◆ Instructions for the task ◆
With the pictures omitted, please transcribe exactly the lines beginning at the one that contains "If you're new" and ending with the last line of the records below.

(Dataset entries)
^^^^
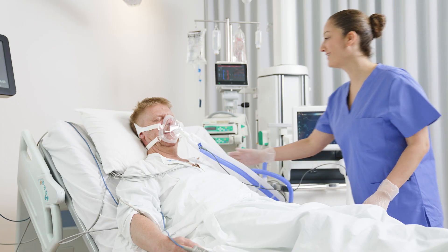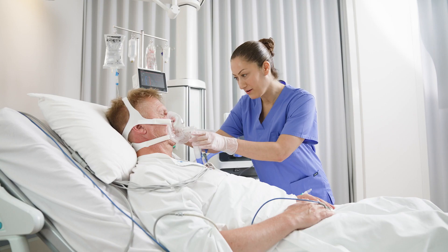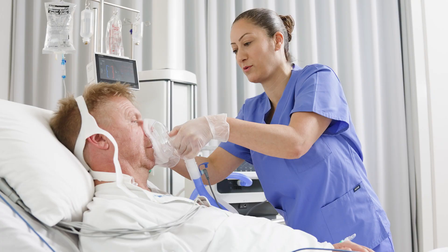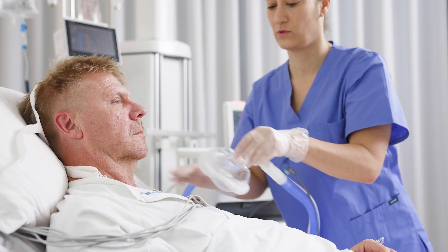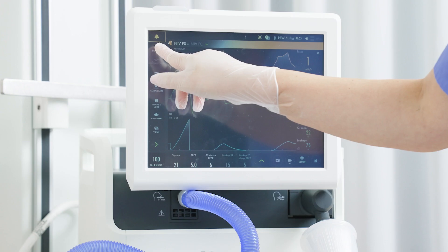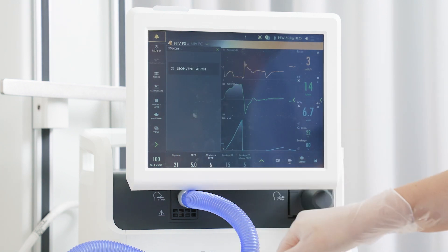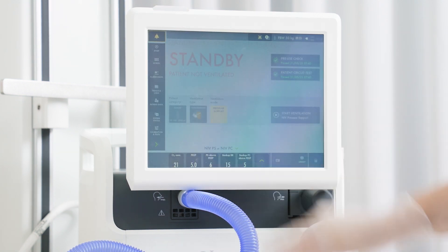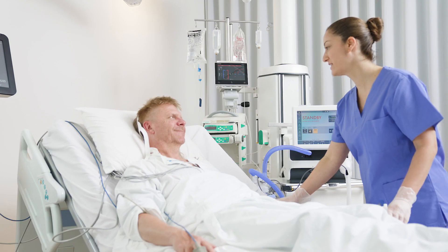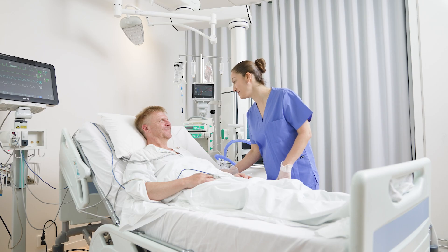To stop non-invasive ventilation, remove the patient interface. Tap the standby tile in the upper left-hand corner on the screen. Then tap and hold Stop Ventilation to go into standby.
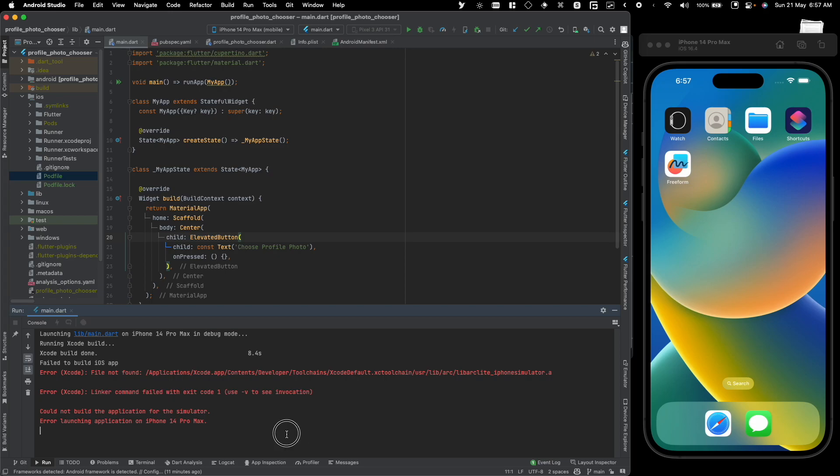As you can see, we still get the error. Now to fix the error is pretty simple. What you're gonna do is go to your project, go to iOS, and open up the pod file.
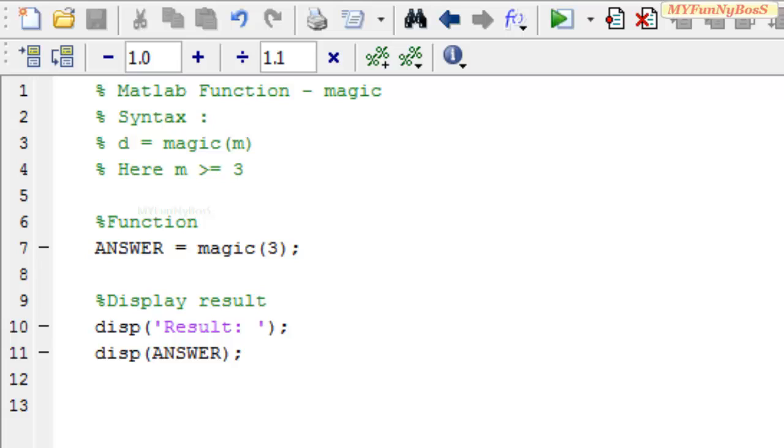The syntax of this function is d = magic(m), which takes a single argument m, a scalar greater than or equal to 3. d is the square matrix obtained using the function magic.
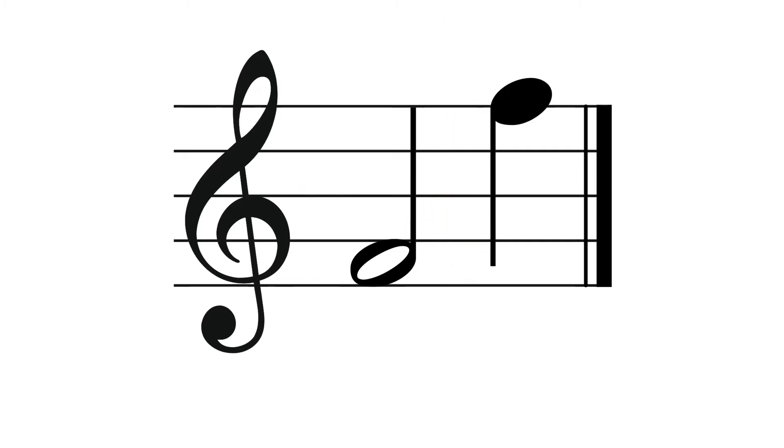When you're writing music by hand, the stem length should continue to the space or line with the same letter name above or below. So, for instance, here we have an F. And our stem is going to extend upwards all the way to where the F line note would be.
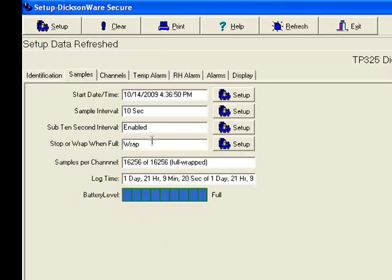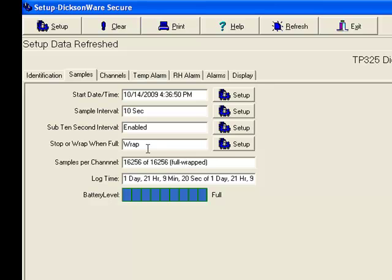It tells you how full it is, what it's doing. You can see ours is full, and it is just continuously wrapping around and replacing the original data.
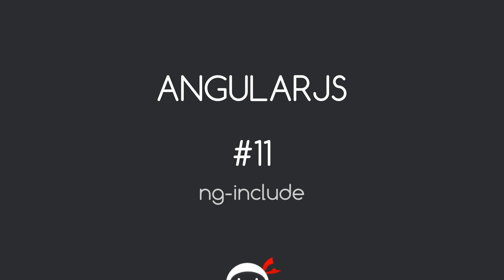Yo, what's happening guys? Welcome to your 11th AngularJS tutorial and in this video we're going to talk about ng-include.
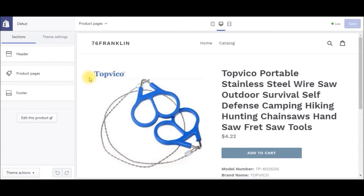If you're new to my channel, please be sure to subscribe because I'm always putting out new tips and tricks on how to create and run your Shopify dropshipping business. And if you're looking for a free ebook on the six steps to creating and launching your first Shopify store, you can check out the link in the video description below.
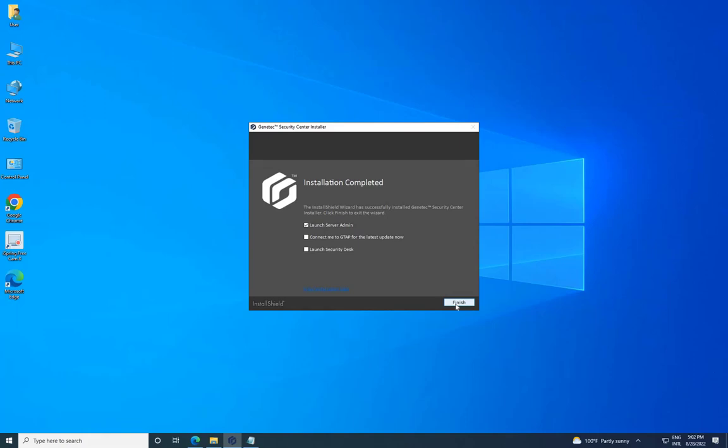Login credentials, username and password, will be required. Launch Security Desk: If selected, Security Desk will automatically open. However, you won't be able to log into the directory until your product license is activated.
^^^^
◆ Response ◆
If you're new to my channel, please be sure to subscribe because I'm always putting out new tips and tricks on how to create and run your Shopify dropshipping business. And if you're looking for a free ebook on the six steps to creating and launching your first Shopify store, you can check out the link in the video description below.
Login credentials, username and password, will be required. Launch Security Desk: If selected, Security Desk will automatically open. However, you won't be able to log into the directory until your product license is activated.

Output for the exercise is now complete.